Source material >>
⟨

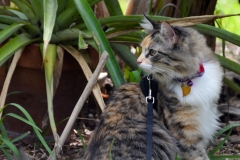 Gypsy loved to watch the birds, lizards, chickens...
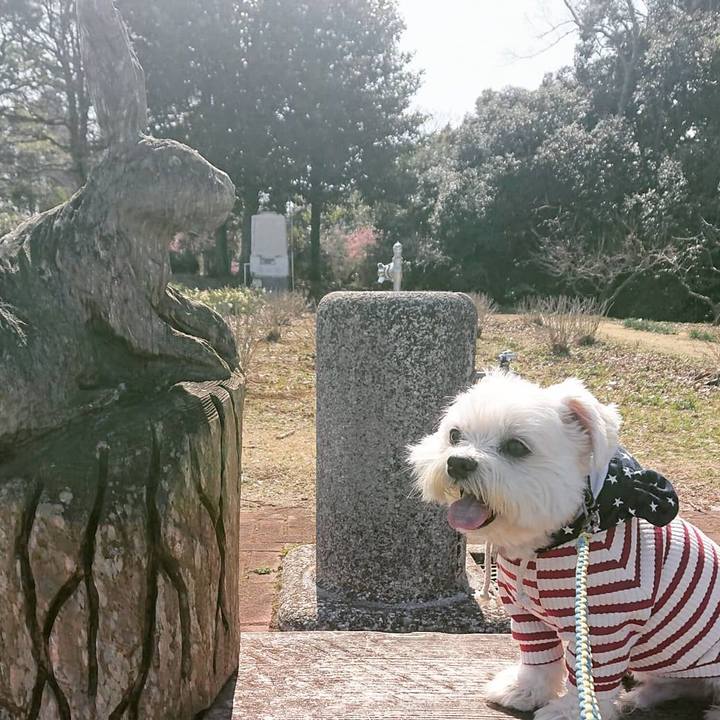 Afa34cb0 84a0 4703 979b d380e2a614eb 1615353599094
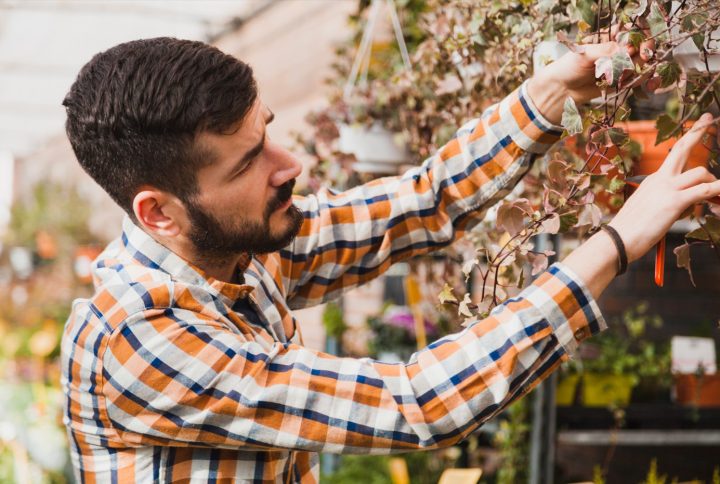 Cómo usar insecticida en plantas correctamente para no dañarlas
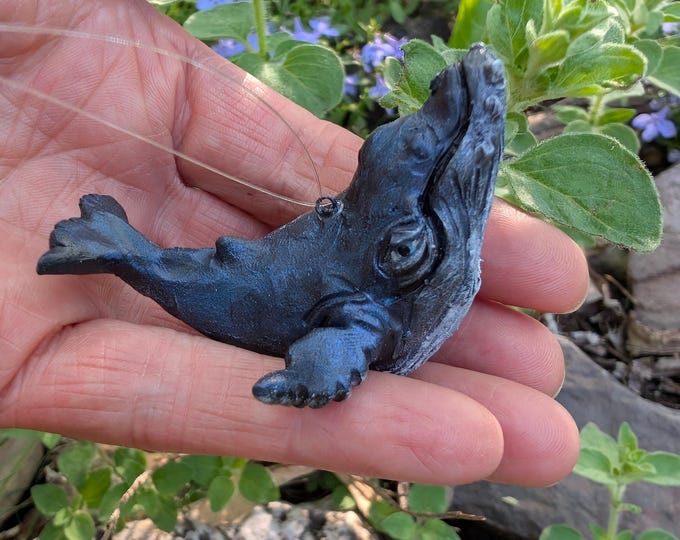 Wee Humpback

⟩

Task instructions >>
Transcribe only the lines from the one holding "Afa34cb0 84a0 4703" through the last line of the listing above, inclusive, and do not include the pictures.

Result of the exercise >>
 Afa34cb0 84a0 4703 979b d380e2a614eb 1615353599094
 Cómo usar insecticida en plantas correctamente para no dañarlas
 Wee Humpback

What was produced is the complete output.